Yes, this is deliberate. One of the easiest mistakes to make is to shoot targets that are sensitive to shooting distance (=magnification) at the wrong distance. Besides, it is not always clear how to measure that distance when setting up for a test. Do we need to measure from the film/sensor plane, or from the front of the lens (and where, entrance pupil, nodal point, filter threads, etc.). We can only figure out the actual resulting magnification after shooting, by measuring the size of the target on the sensor (microscope on film, or pixels times sensel pitch for digicams or scanners) divided by the size of the original. When there are fixed markings on the target, then we need to re-adjust the focusing distance iteratively to arrive at the intended magnification. This is such boring work that most either skip this calibration step of don't do the test in the first place.
For reasons I don't understand, it seems as if the Nyquist limit is always at 92 pixels, regardless of the pixel pitch of the sensor. Perhaps Bart can explain.

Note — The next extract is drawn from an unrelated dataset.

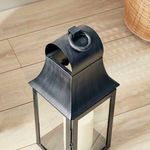 Close-up of top part of lantern showing metal loop handle and curved powder-coated black steel roof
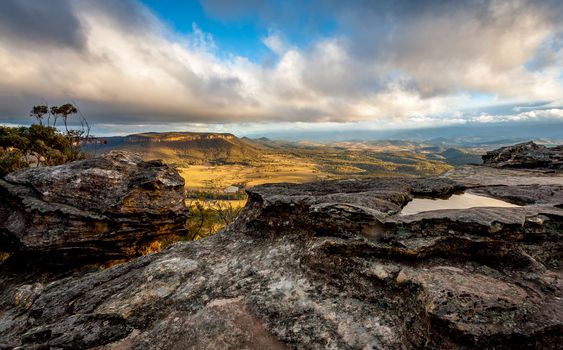 Ever changing light and  weather across the Blue Mountains landscape and its rippling hills and valleys as viewed from a rocky clifftop.  Some views can only be witnessed after a bushwalk like this one.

I'll give it a try. At any diameter, the target always has 144 full cycles per circumference. The only thing that changes with distance is the magnification factor. Well, some lenses perform a bit better at some distance than at others, but in the suggested range of 25x to 50x focal length the differences are not likely to be significant.
We can know how high the spatial frequency is along the circumference at any given diameter, the circumference of a circle is 2 x Pi x radius (or Pi x diameter), and there are always 144 cycles at that circumference. So by dividing 144 cycles by the circumference we know the number of cycles per pixel. Since Nyquist is at 0.5 cycles per pixel (or 1 cycle per 2 pixels), the equation becomes 144 / (Pi x Diameter), and when the diameter is expressed in pixels we multiply by 2 to find the Nyquist frequency.
BTW, I prefer to write the formula as Cy/px = (144 / Pi) / Diameter, which is the same, but it allows to pre-calculate 144 / Pi once and change the diameter as we take different measurements. A very basic calculator suffices.
Now, as to why we also find similar values regardless of shooting distance. As shown, we can calculate the Cy/px for any diameter (and thus circumference) on the target, or a projection of it. The diameter is expressed in pixels (1 sensel or sample per output pixel), and the sampling frequency in pixels is constant for any sensor. The only thing we change with shooting distance is magnification, but the sampling density remains constant. Therefore we shoot a different radius on the target itself (e.g. larger radius at longer distance, but also with equally smaller magnification, thus with the same resulting diameter or circumference), and the frequency we can resolve per pixel remains the same. So the distance and magnification factor result in a constant projected blur diameter, although the origin is sampled at different diameters on the target. The Nyquist frequency of a sensor is always at 2 sensels per cycle, and thus remains constant between comparisons of different sensors when expressed in pixels.
The importance of this fact is that one does not have to go through the equations Bart posted if one does not need the actual resolution in cycles/mm. One can simply measure the blur diameter.
That's right, expressed in cycles/pixel, the diameter is all that's needed. Only when one wants to calculate things like magnification potential does it make sense to add the physical sensel pitch into the equation, by changing the diameter to pixels x sensel pitch in mm. When we e.g. know that our output medium can resolve 5 cycles/mm, and our optical system resolves 78 cycles/mm, then we know we can magnify our sensor size by 78/5= 15.6x to find the uncompromised maximum output dimensions, fit for reading distance inspection (5-8 cycles/mm at a normal reading distance is at the verge of human visual acuity). Larger output should be viewed at a proportionally larger distance for the same quality impression.